Question 3: This may be naive, I apologise. When you are introducing noise into a system, how do you ensure that your noise will affect each item differently?

Answer: Amelia: Privacy budget limitation applies here as well.

Question 4: I wanted to remark on your point about APIs. I think we have been a bit narrow in this community about what is an API. There is no good that one end of a protocol connecting to another protocol cannot be thought of exactly that as well.

Answer: Christoffer: I agree.

[=]

Martin Schanzenbach (talk on re:claimID) https://datatracker.ietf.org/doc/slides-104-pearg-gnunet-reclaimid-self-sovereign-decentralized-identity-management-using-secure-name-systems-martin-schanzenbach-fraunhofer-aisec/00/

We took a look at the identity provider market. There are several issues, such as: privacy concerns (companies provide free services & want to make money), liability risks (data loss from breaches = excessive legal implications), oligopoly (lack of federation). “Primary objective is to enable users to exercise the right to digital self-determination”. Our approach includes 1) avoiding third party services for ID management/data sharing 2) open, free services that are not under centralised control, 3) free software.

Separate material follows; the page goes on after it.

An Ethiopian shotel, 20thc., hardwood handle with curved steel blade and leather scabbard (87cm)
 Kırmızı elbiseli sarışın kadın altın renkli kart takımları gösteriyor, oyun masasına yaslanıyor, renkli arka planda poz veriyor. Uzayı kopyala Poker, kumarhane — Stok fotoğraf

“What does an IdP do?” 1) ID provisioning and access control (including management of IDs and data, sharing of such data, enforcing auth decisions). 2) Verification of ID (e.g., this is indeed Alice’s email address, or this is indeed Bob’s country of residence). re:claim is a decentralised directory service: secure name system with open registration, idea borrowed from NameID, implementation uses the GNU name system. We added a cryptographic access control layer, using attribute base encryption.

[demonstration of example]

“In summary, we have implemented this idea as part of GNUnet, there is a proof of concept and demo on gitlab. It is currently a bit rough around the edges”

[questions]

Question 1 (Alex): [..]

Answer: You always know which identity it is. Because you are looking it up in the name space. However, one could argue that using privacy preserving credentials does not make much sense as you are always identifiable as a single identity.

Question 2: I’ve worked on a similar project, except we used DNS. The problem is that there are a lot of people trying to do this thing. However, in the real world only two companies which have primary stake. How do we get adoption? Do you have any reflections on strategies for adoption?

Answer: If you offer the software to users then show the benefits in terms of the privacy offered, I think adoption would increase.

Question 3 ([..] from Cloudflare): Question on SSO, re: economy on getting website to integrate.

Answer: I don’t have a solution for this. I think the first part is to get users to want this.

Question 4: In cases where federation actually works, it is because parties want info about users and users want to share that info. In some cases, in order to make progress on privacy, UX is the area to focus, and not technology. I suspect that all of these projects should stop. Should instead focus on getting users to want to use UX.

[…]

[=]

Presentation by Brook on Next Generation Internet https://datatracker.ietf.org/doc/slides-104-pearg-brook-ngi/00/

The internet is not serving what we hoped it would serve. It doesn’t always do what we want it to do. How do we create a next generation, user-centric internet? [speaking on open calls, grants for Next Generation Internet] Distributed data, privacy and trust enhancing technologies, service portability, data decoupling and strengthening of internetwork trust. […] NLNet is looking to offer grants which range from 5,000 pounds to 50,000 pounds. Barrier of entry is high. NGI also has several open calls. Most deadlines are in April (1st/30th).

Question 1: Is this a EU program? Are there any restrictions on who can apply?

Answer: You do not have to be a EU resident, but that would make it easier. The proposal should be beneficial for EU.

Shivan: That concludes our meeting. Thank you.